# TASK OBJECTIVE
Exact reproduction of the listing is required. Pictures are not reproduced.
───── MATERIAL PROVIDED ─────
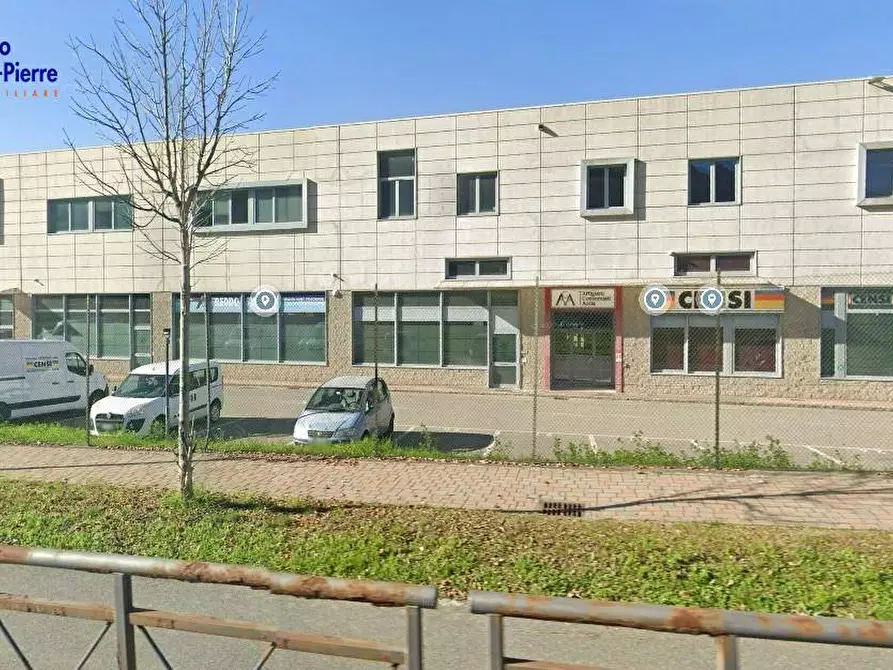 Immagine 1 di Locale commerciale in affitto  in Via Lavoratori Vittime Col du Mont 23 a Aosta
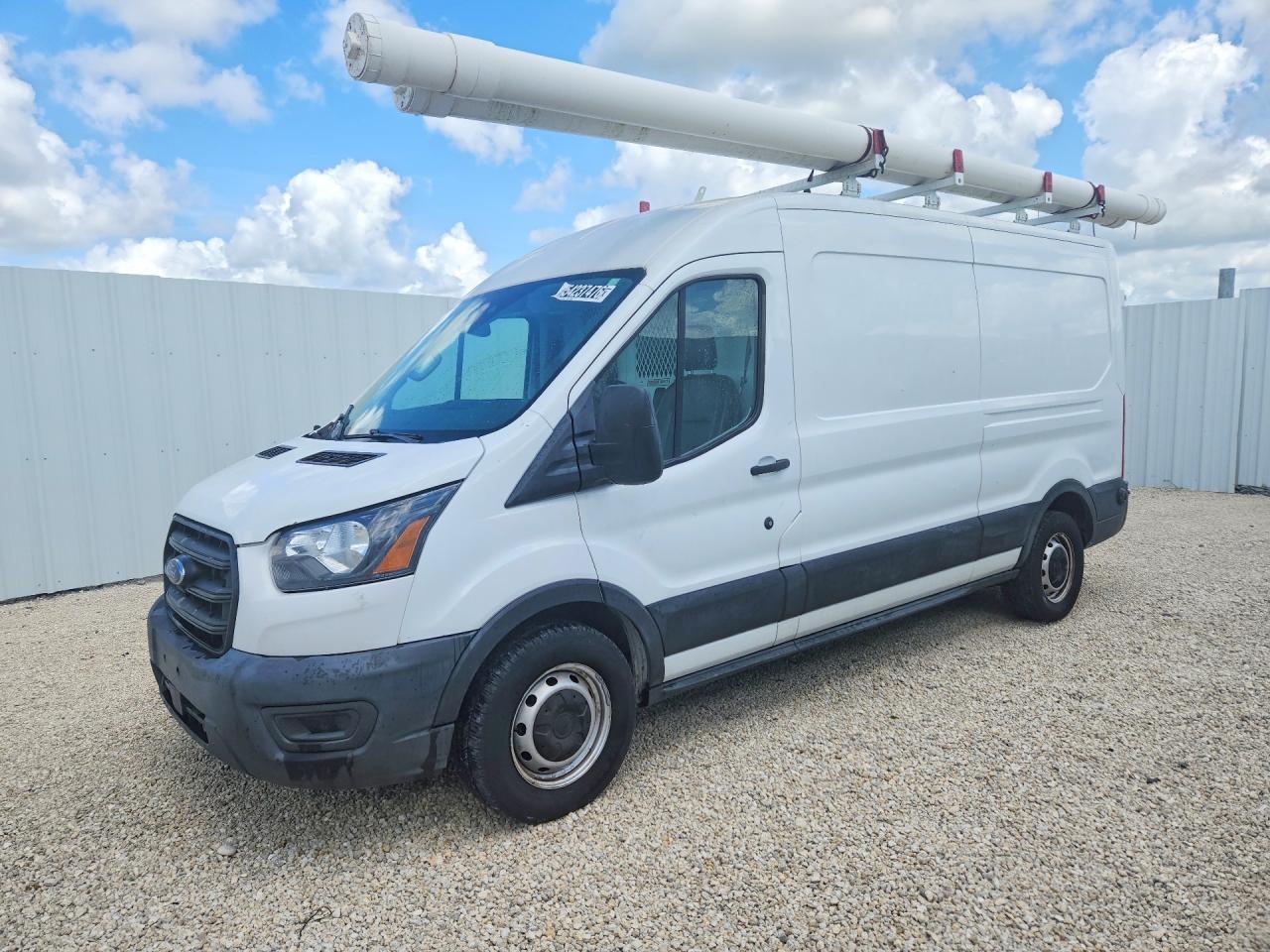 Salvage Ford Transit Image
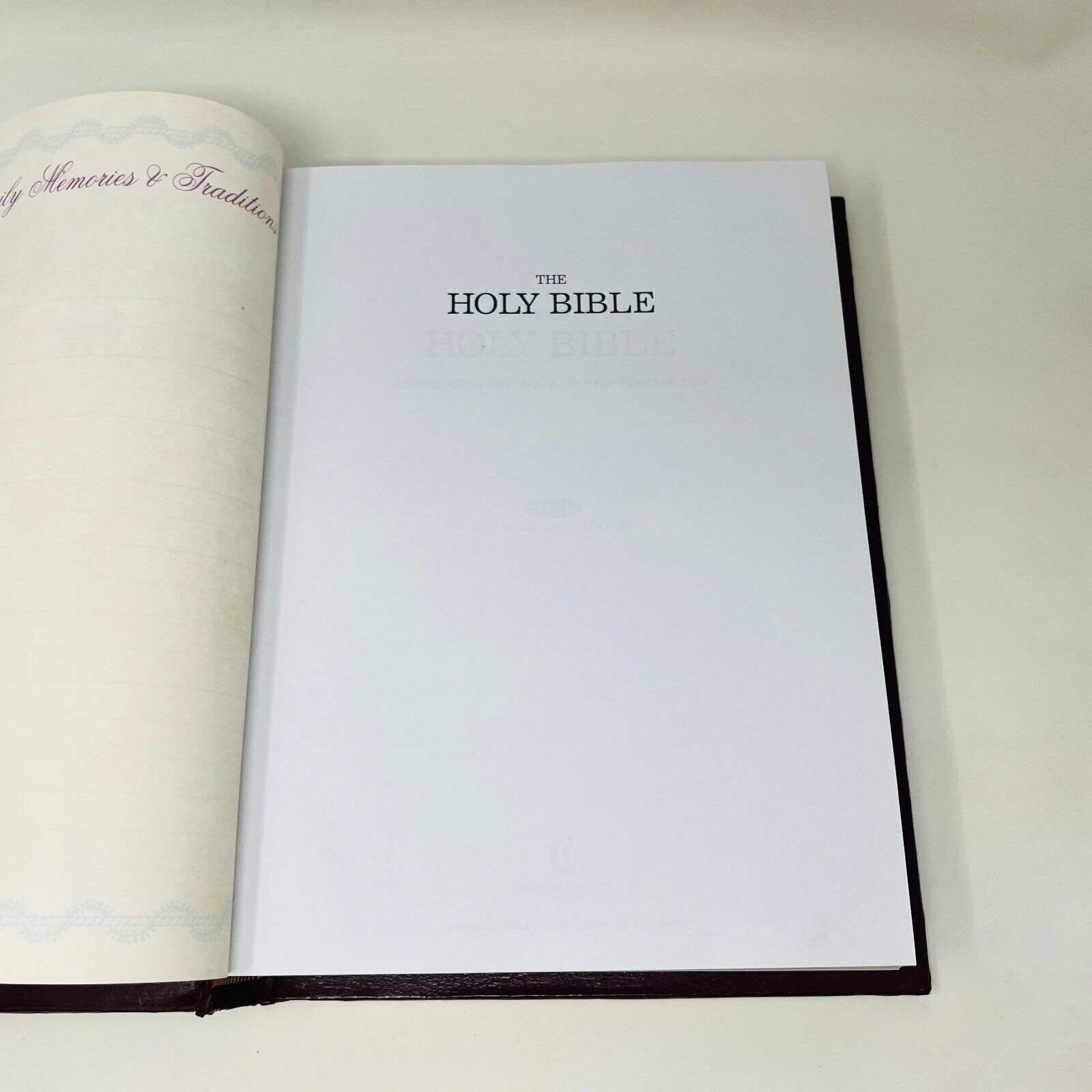 2002 Holy Bible Thomas Kinkade Painter of Light NKJV Thomas Nelson Padded HC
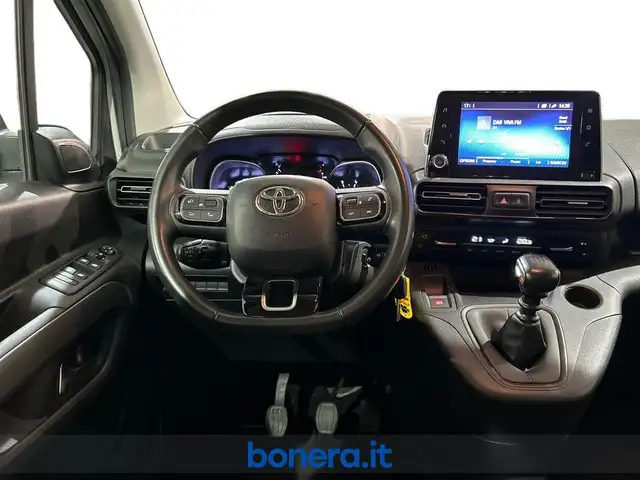 Toyota Proace view 15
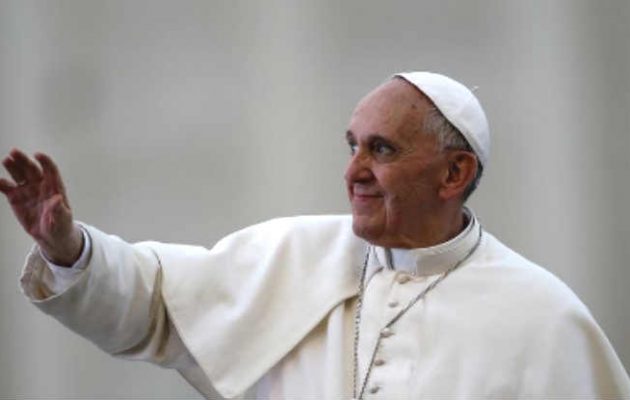 Ο πάπας Φραγκίσκος αποφάσισε να μην πει «κουβέντα» για το αν γνώριζε για τα σκάνδαλα σεξουαλικής κακοποίησης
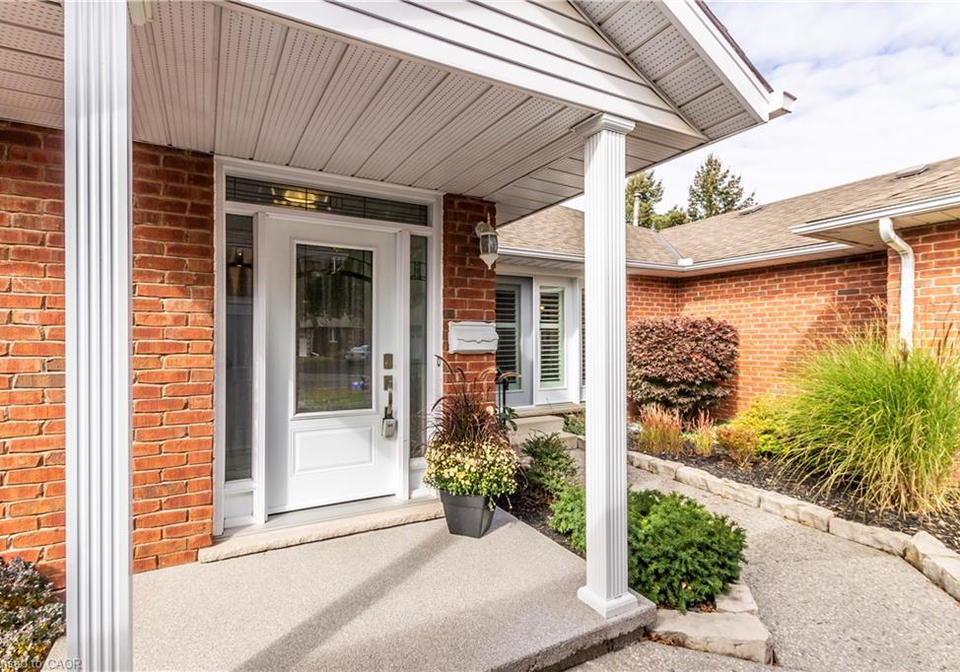 71-beasley-crescent-cambridge-ontario-40778969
─────
# RESPONSE AREA
 Immagine 1 di Locale commerciale in affitto  in Via Lavoratori Vittime Col du Mont 23 a Aosta
 Salvage Ford Transit Image
 2002 Holy Bible Thomas Kinkade Painter of Light NKJV Thomas Nelson Padded HC
 Toyota Proace view 15
 Ο πάπας Φραγκίσκος αποφάσισε να μην πει «κουβέντα» για το αν γνώριζε για τα σκάνδαλα σεξουαλικής κακοποίησης
 71-beasley-crescent-cambridge-ontario-40778969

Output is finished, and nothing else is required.